The Wooden articular church of Hronsek is a Renaissance church dating from 1726. Its interior is original: the paintings, the bell and the organ all date from the 18th century. Since 2008, the church is a UNESCO World Heritage Site.
The wooden joint church of Leštiny is an evangelical joint church built between 1688 and 1689. In this Catholic region, "articular" Protestant churches were then allowed as long as they were made of wood (a material seen as temporary) and did not have a tower or bell. However, a bell tower was erected later in 1777.
The Wooden Beit Midrash in Rozalimas is an Ashkenazi synagogue built in 1880-81 and reconstructed after 1945. After WW II the building served as a storage space; an annex of asbestos sheets was attached to its southwestern side and part of the southwestern wall is bricked over with white silicate bricks. The wooden building is now abandoned.
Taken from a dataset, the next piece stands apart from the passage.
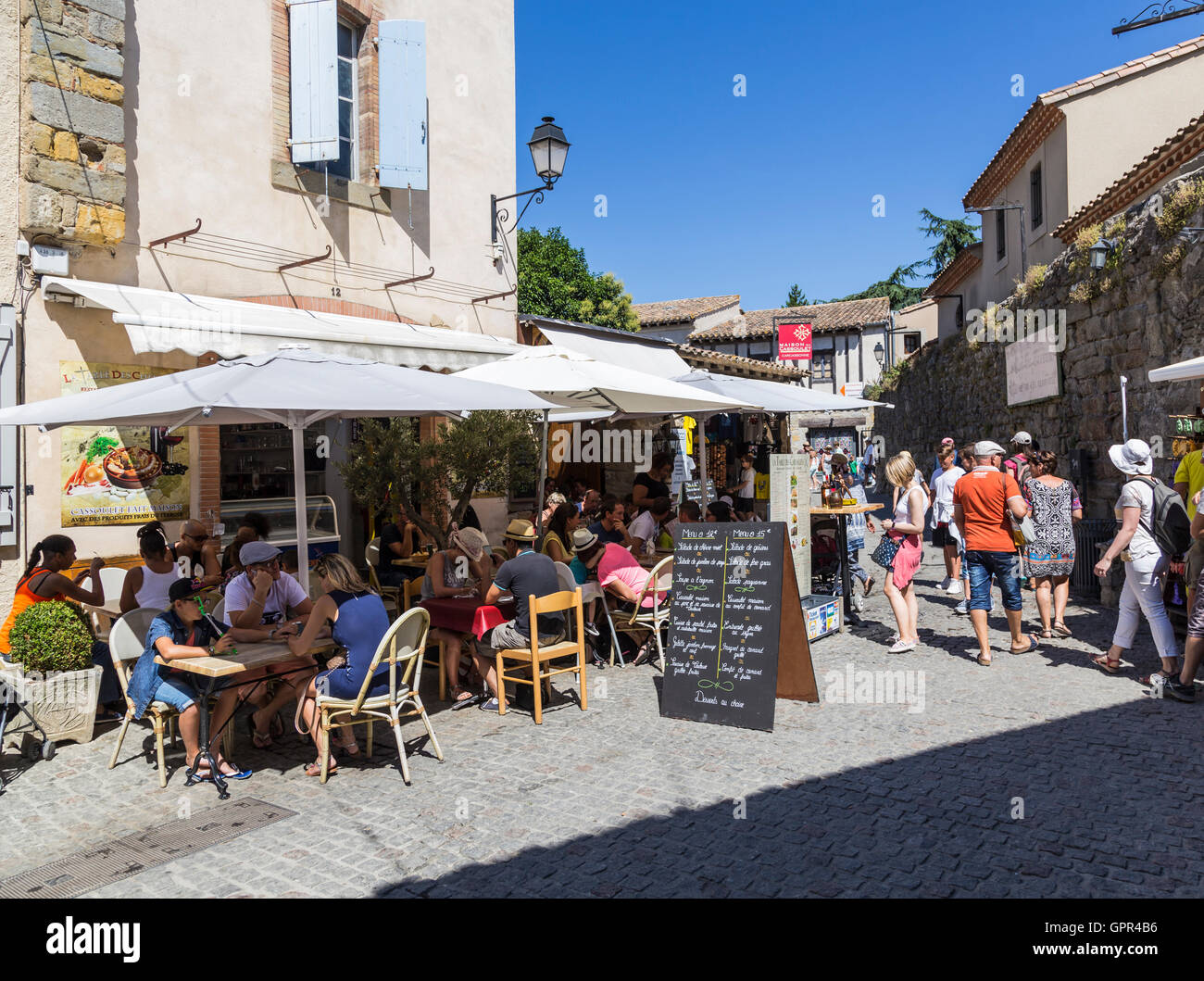 Street scene in Carcassonne Stock Photo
The Wooden Beit Midrash in Veisiejai is an Askhenazi synagogue built in 1927 by A. Abramas. The wooden building now serves as a church.
The Beit Midrash in Žiežmariai is an Ashkenazi synagogue from the second half of the 19th century. The synagogue was rebuilt after 1918 and after 1945. This wooden synagogue is now under reconstruction.
The Great Beit Midrash in Ivianets was likely established in 1792. The current wooden building is at least 180 years old. After WWII, the building was reconstructed in order to house a club.
The wooden mosque of Kruszyniany was built by tatar settlers of the region around the 18th century. The modern mosque is estimated to have been built in the late 19th or early 20th century. The mosque and the village itself is was designated as a place of national importance for Poland in 2012.
The synagogue is a wooden log structure of rectangular plan, built on a rough-stone concrete foundation and divided into two floors in the west. The structure is spanned with a hipped rafter roof covered with tin. On the exterior, the building is protected with horizontal weather-boarding above the windowsills of the prayer hall, and a vertical one below them. A prayer hall of almost square plan is situated on the eastern side. On the western side the building includes a vestibule and a small room with a stove, which also heated the prayer hall. A staircase in the southwestern corner leads to a women's section on the first floor, which opens to the prayer hall with two long rectangular windows. Neither a bimah (presumably at the center), nor a Torah ark (presumably at the eastern wall) has survived. The main entrance to the building is in the western wall and the women's entrance is on the southern wall. Ten round-headed windows opened from the prayer hall: three windows on the southern and northern walls and two pairs of windows on the eastern wall (the central windows on the north and south were later converted into doors). The windows of the vestibule and the women's section are rectangular. The ceilings are joisted flat constructions that of the prayer hall is supported by two large beams, resting on the western wall of the women's section and the eastern wall of the prayer hall.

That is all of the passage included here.